||"dawnbreak in the west"|
Thursday, January 13, 2005
"The Handmaid's Tale": pro-choice manifesto?
I used to read lots of dystopiae while I was trudging through school from the ages of 12 to 15. Of these the most popular are 1984 and Brave New World. The Handmaid's Tale, by Margaret Atwood, is another work in this genre that I read then. I personally think that it deserves to be in this canon - and a lot of high-school teachers agree, as they have been posting their students' book reports up on Amazon.com.
Atwood was Canadian, and imagined that her country would remain as a haven for Americans fleeing the US's oppression. This also served as an ironic nod to the Underground Railroad. Accordingly she set her story in the most Canadian part of the US, Cambridge in Massachusetts.

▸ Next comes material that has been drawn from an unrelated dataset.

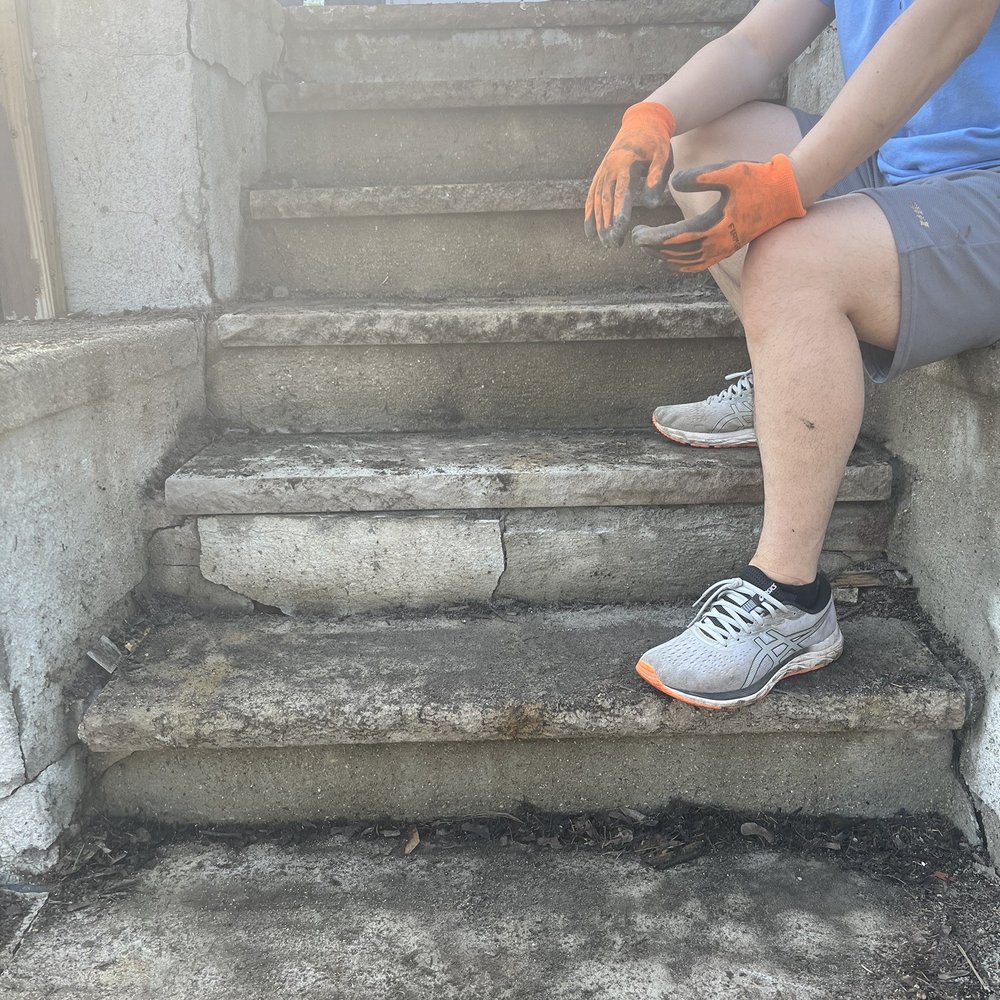 Lamacchia Landscape Construction - a man sitting on the steps - Landscaping Near Me - Newton, Massachusetts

I understand her book as a 1984 for Americans, with reference to Iran. Its Christian-shari'a government, styling itself "Gilead", mandated a right for a Party man to reproduce and further limited the social and economic rights of women. That meant the government had to codify a class of concubines, and that in turn created a market for "Handmaids" - which seems alien to us but is based on the Torah. The Handmaid's job was to conceive a child for a man not her own.
Atwood thinks that if the US went the way of 1984, it would look more like Gilead than like Airstrip One. The reviewers on Amazon - particularly those from Massachusetts and California, for some reason - see a number of parallels between that book and the present day (a terrorist threat claiming the mantle of Islam, resurgent fundamentalist Protestant political activity, lowered fertility among the upper classes, etc).
Based on email and internet discussion, this seems to have the most resonance, if not relevance, for those who call abortion a choice, or (heinously) call it "choice" instead of abortion. The point about being a Handmaid is that she is bearing a child for someone whom she does not love. In one extreme of the "pro-life" movement, there was a slogan in Ireland during the end of its Catholic theocracy, that its anti-abortion policy was so draconian that "men have the right to procreate by rape". At the other extreme, the woman who decides at whatever point that her lover is an unworthy father hasn't been raped, but she didn't make the choice to be pregnant and now she wants the choice to cease being so. The Handmaid's Tale sits between them: the Handmaid isn't being raped, but equally her society hasn't given her any better option.
The Irish slogan is effective, and I agree with its sentiments ... in old Eire and, with amendments, in Gilead. But this is inapplicable to the modern "pro-choice" movement, whose antithesis is not as far along as Gilead and certainly not as Eire.
The Handmaid's Tale has other, better, cautionary lessons for us. Don't let religion get entangled with the state. Promote economic and social independence. Promote this independence for women, too. Don't trust the state in general.
If you are a pro-life feminist, as I hold myself to be, then you will not have a problem with The Handmaid's Tale - or at least you should not have this problem with it.